The two leaders can also propose partnerships of BRICS-USA  on hydrogen energy with joint ownership of technologies for production, storage, transport and use as well as establish international regime for clean, efficient and nature-based technologies without tying up with Paris Climate Goals.

They can also propose to the G-20+ or even larger grouping immediately after annual UN Climate meetings to cull out the beneficial decisions and take additional decisions that provide economic and social benefits while  reducing  national and international security risks. The advantages of ‘Net Zero’ for social, health, biodiversity and air-pollution issues can be prioritised, irrespective of the decisions in COPs of UNFCCC.

The world witnessed during the first term of Trump a witty and comic body language of scene between Trump and Emmanuel Macron. The media called it “dandruff-diplomacy”. Trump jokingly brushed dandruff off Macron’s suit, in front of photographers and reporters when Macron visited Washington DC, and Macron bravely disagreed with Trump on his stance on Climate change.
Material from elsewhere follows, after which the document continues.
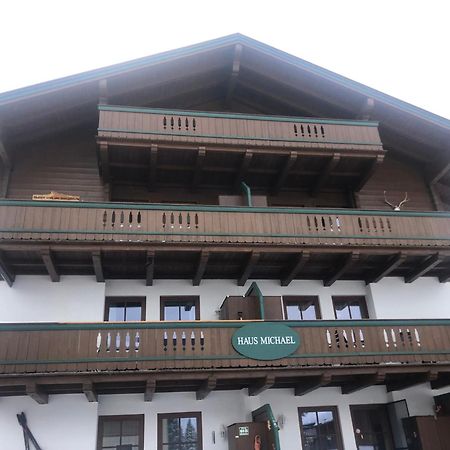 Ski In Out! Gemuetliche Dachgeschosswohnung Konigsleiten Exteriér fotografie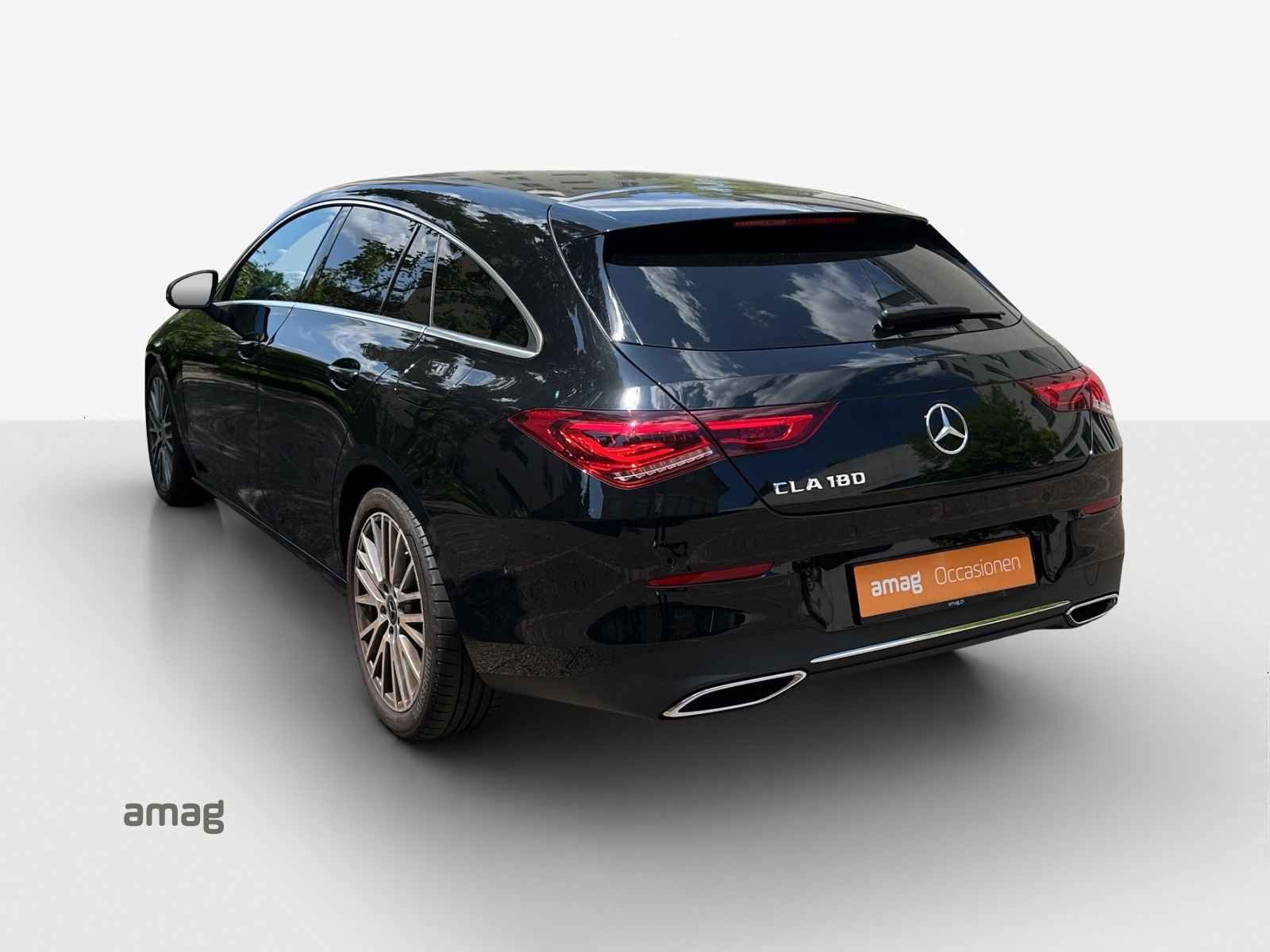 MERCEDES-BENZ CLA Shooting Brake 180 7G-DCT Progressive-showroom-element-2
‘Dandruff-Diplomacy’ showed Trump’s appreciation of Macron’s steadfast and positive criticism, and probably suggested a willingness to listen. Later Macron addressed the joint session of the US Congress. Trump was taking the risk of allowing a foreign leader to openly disagree on the floor of the highest political chamber of his country. But that showed the selective open-minded dimension of Trump’s  diplomacy. Trump’s trait of firing anyone who disagrees with him, was seen to turn into a language of “love thy disagreement”.

Can Modi get Trump back into that mood and instead of dandruff from each other’s clothes, can the two leaders remove the dust off the Paris Climate Agreement and take the steps outlined in the agreement, but without referring to climate change? Can Modi use his hug diplomacy to take the bug out of the global inaction over climate change?

(Rajendra Shende, former Director of UNEP , Coordinating lead Author of IPCC that won the Nobel Peace Prize in 2007 and founder of Green Terre Foundation. The views expressed here do not necessarily reflect those of Media India Group.)